START Given data
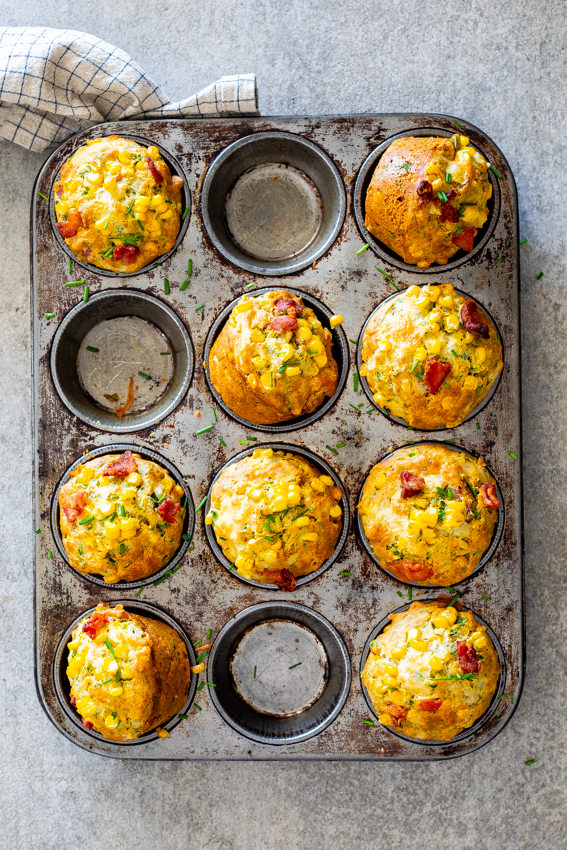 Muffin Tin Baked Eggs with Mozzarella, Bacon and Mediterranean Herbs -  Simply yumSimply yum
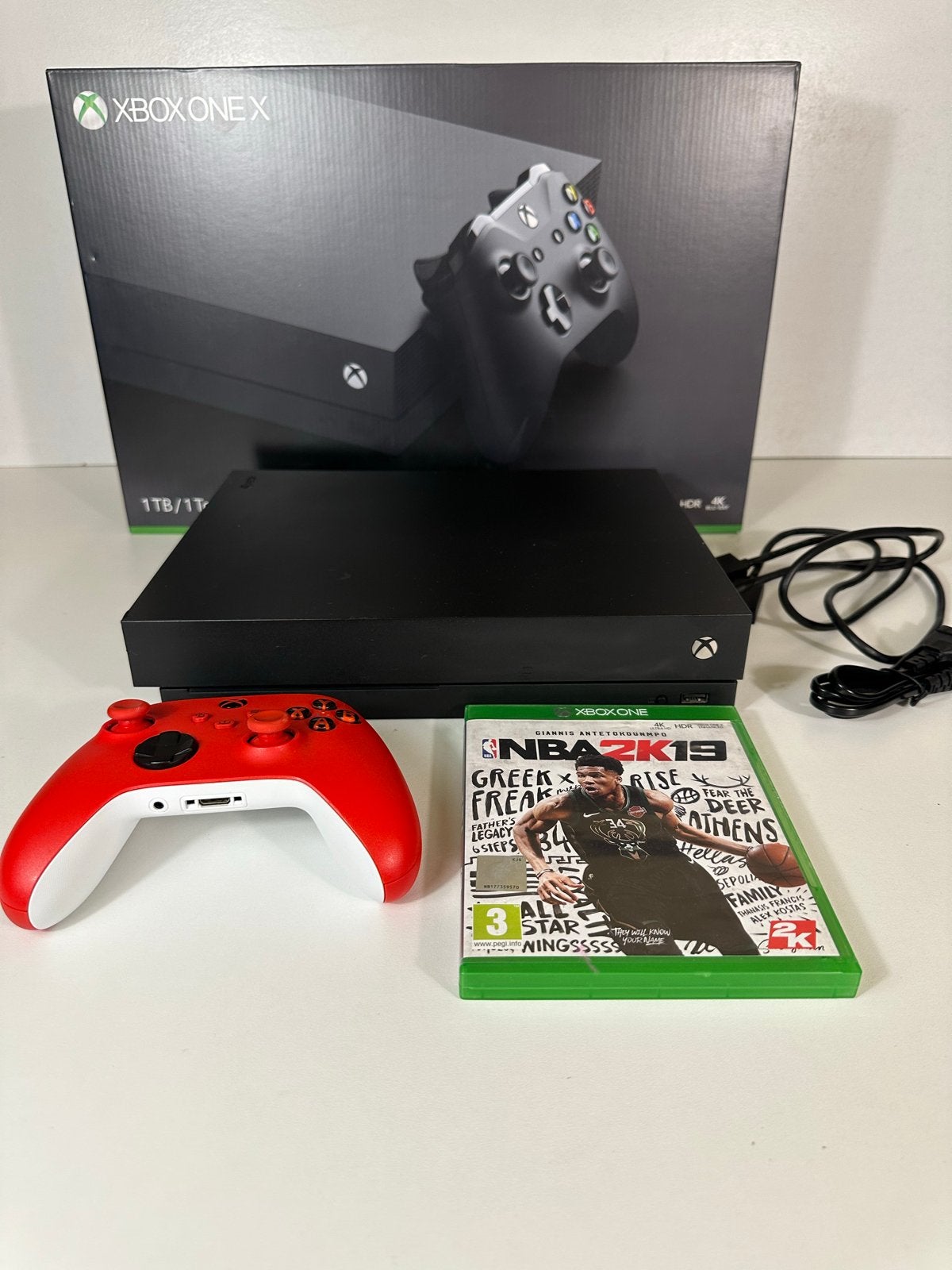 Xbox One X 1TB Zwart - Inclusief controller, game en doos, Ophalen of Verzenden, 1 TB, Met 1 controller, Xbox One X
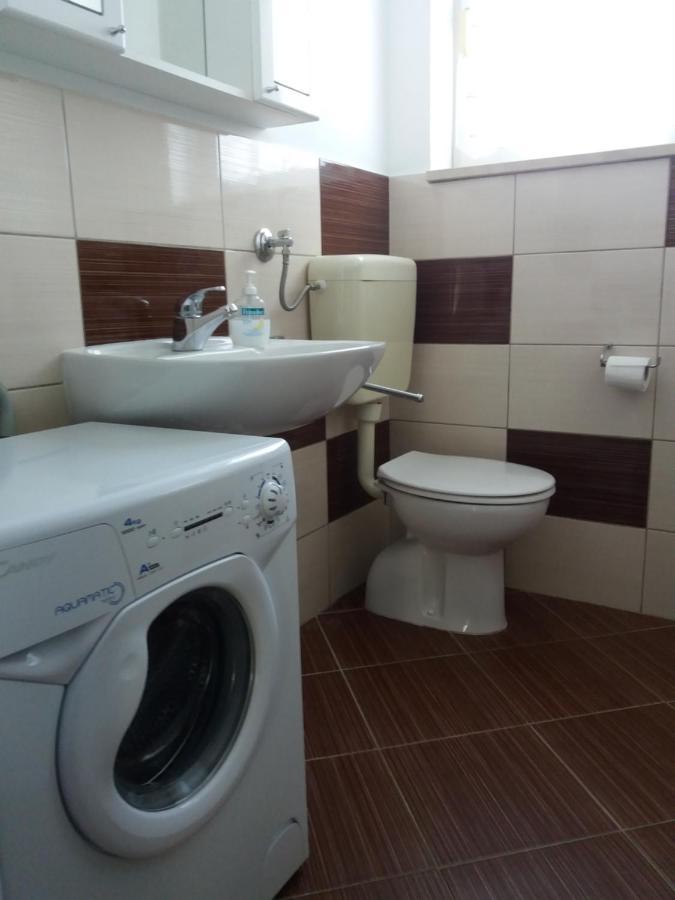 Apartmani Lana Бродарика Екстериор снимка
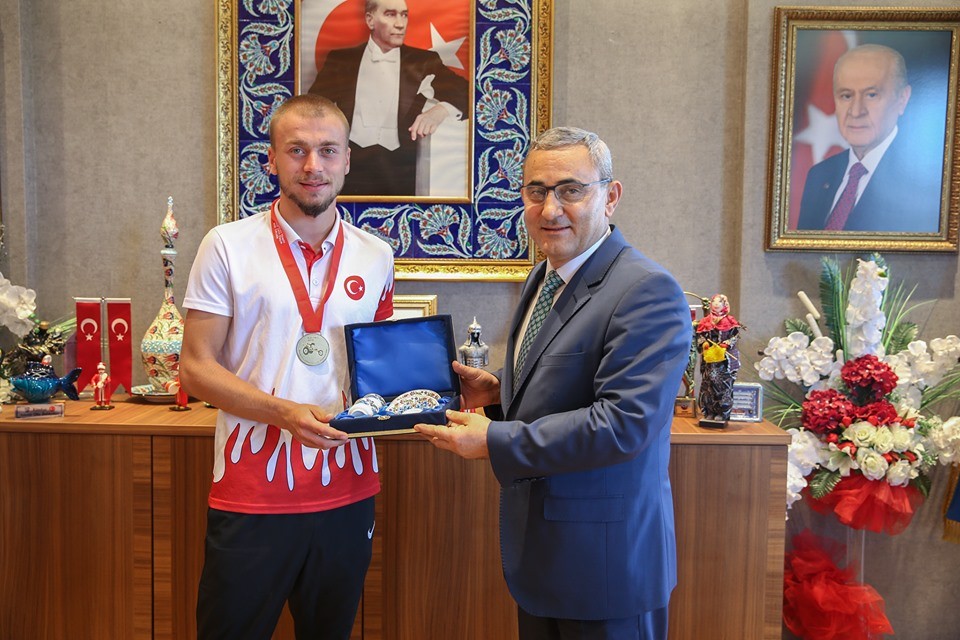Başkan Işık, Dünya Şampiyonu’nu tebrik etti 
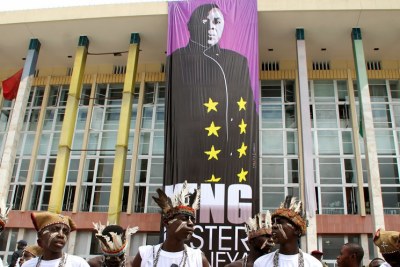 Hommage à King Kester Emeneya le 01/03/2014 au palais du peuple à Kinshasa, après l’arrivee du corp en provenance de Paris.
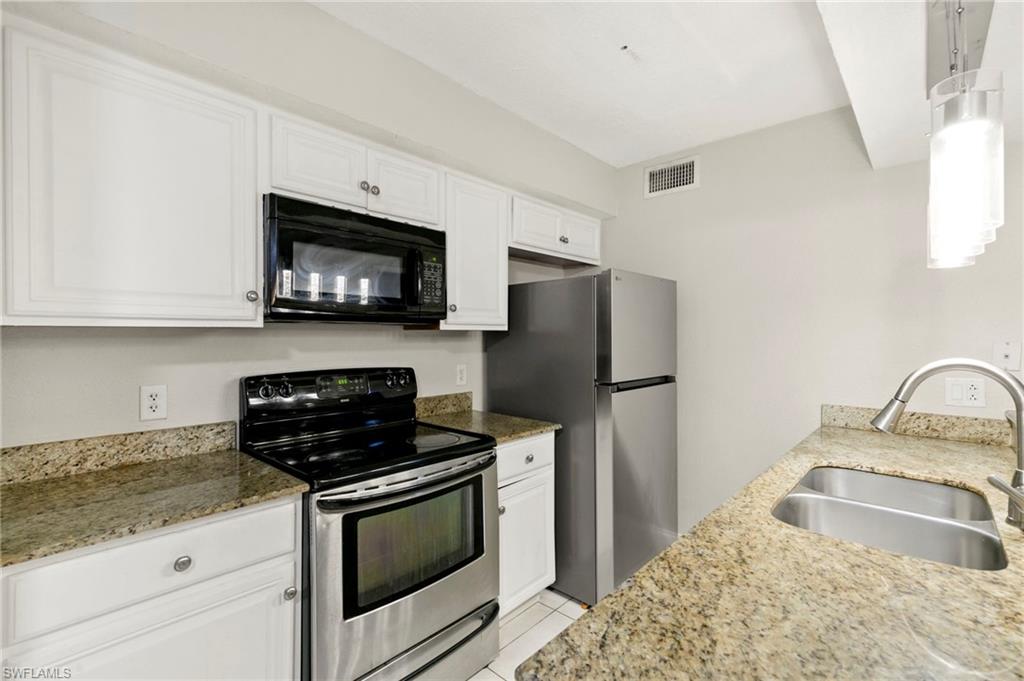 5305 Summerlin RD # 501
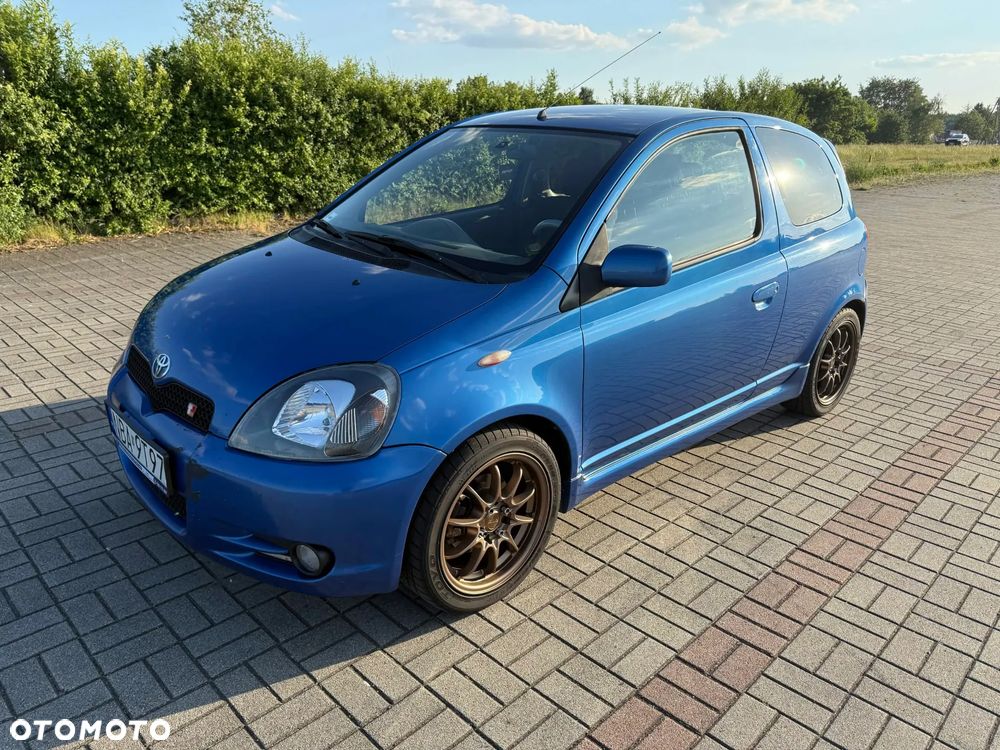 Toyota Yaris - 1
END Given data
## What the exercise asks
Begin at the line containing "Apartmani Lana Бродарика Екстериор снимка" and stop at the last line of the data. Repeat only those lines, exactly, and leave out the pictures.

## Answer area
 Apartmani Lana Бродарика Екстериор снимка
Başkan Işık, Dünya Şampiyonu’nu tebrik etti 
 Hommage à King Kester Emeneya le 01/03/2014 au palais du peuple à Kinshasa, après l’arrivee du corp en provenance de Paris.
 5305 Summerlin RD # 501
 Toyota Yaris - 1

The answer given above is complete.